That was all in the mid 1990s.

Now, as I am planning a long stint of travel through continental Asia, I set out to test a simple hypothesis: Is it still possible to hitchhike long distances in Japan, meet wonderful people, be safe, have fun — and do it all for less money and time than you'd spend on a bus or a train?

Specifically, I would attempt to travel from Tottori City to Yamaguchi's Shimonoseki City at the southwestern end of Honshu, but if it didn't work out, the train would be my safety net.

The first problem that arises when you decide to hitchhike here is permission.

"Hitchhike?!" say your Japanese acquaintances. "Impossible. Japanese don't hitchhike."

Don't listen to this. It is certainly true that Japanese people generally don't travel by thumb, but this is to the benefit of a foreign visitor. A slightly lost-looking foreign traveler standing on the side of the road in a region totally devoid of non-Japanese is both extremely interesting and cause for concern. So, when you are picked up, it will be out of compassion or fascination.

Hitchhiking is actually so uncommon in Japan that there are no laws specifically governing it. According to the Road Traffic Law, it is illegal to interfere with traffic, or to walk on an expressway, but as long as you aren't inconveniencing vehicles or causing them to stop in no-parking zones, you should be in the clear. Ferguson does note though that trying to hitchhike in front of a police box is just stupid. They'll tell you to scram.

The second problem is misinformation.

"Hitchhike to Shimonoseki? Well you'd want to take the expressway. Don't take country roads. No one goes there."

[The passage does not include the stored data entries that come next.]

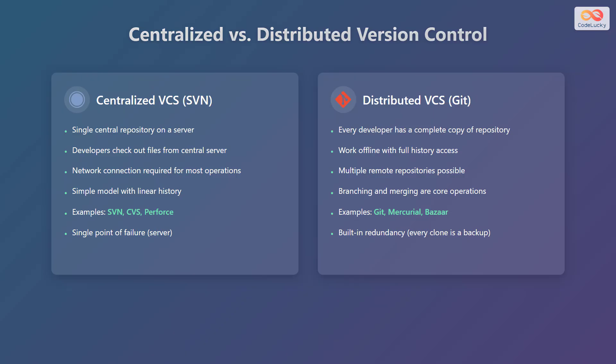Centralized systems typically follow a simple model with a linear history. Examples of centralized version control systems include SVN, CVS, and Perforce. A key consideration with centralized systems is that they have a single point of failure, the server.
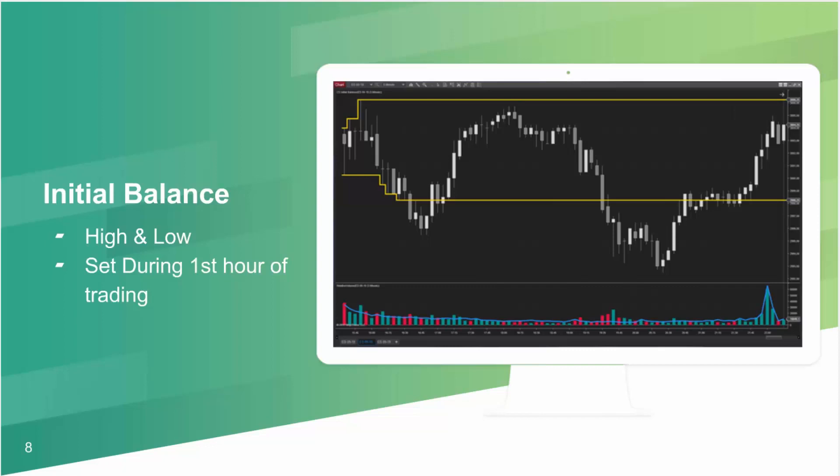It turns out that a significant portion of the daily volume is transacted in this timeframe. And it's quite clear, as you will see later on, that these two levels have a significant statistical advantage.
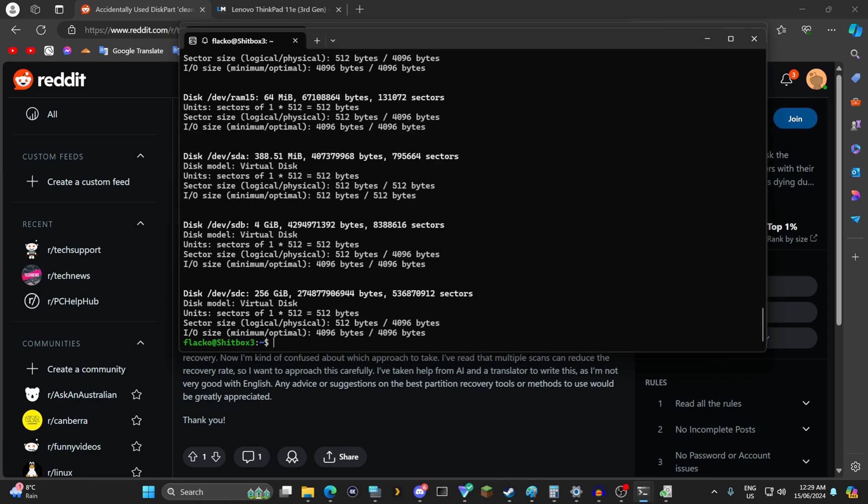So what you need to find is the input drive as well as the output drive if you're first writing it to a drive itself. Sudo dd rescue dash vf capital r little r zero input drive. Like this is the one that your drive is failing. Let's go sdb say the failing one and then you want to copy that to the drive slash dev slash sda.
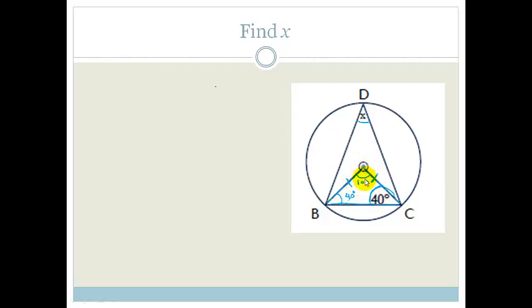The angle at the center is twice the angle at the circumference, so therefore X is 50 degrees. Awesome, so now we know what the angle is.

Your concerned, but inexperienced friends, are thinking of the fastest routes with the most traffic: This is not for you.

It is very difficult for cars to stop in the proximity of expressway ramps because of the traffic's high speed and a lack of places to pull over. The ideal place to catch a lift, according to Ferguson's book, is on a main or secondary highway through the countryside, on the outskirts of a town, where the visibility is good, traffic is a little thin and speeds are moderate. You need to give your driver enough time to decide to pick you up and pull over without incommoding other road users. In short, when you start to see rice fields, you are entering good hitchhiking territory.

Ferguson makes special note of appearance. Men should appear clean and respectable, preferably clean shaven. Women should dress conservatively, to avoid giving the wrong impression to the wrong kind of driver. Let me be clear though: Solo women should not hitchhike. Japan is safe, but not that safe, unfortunately.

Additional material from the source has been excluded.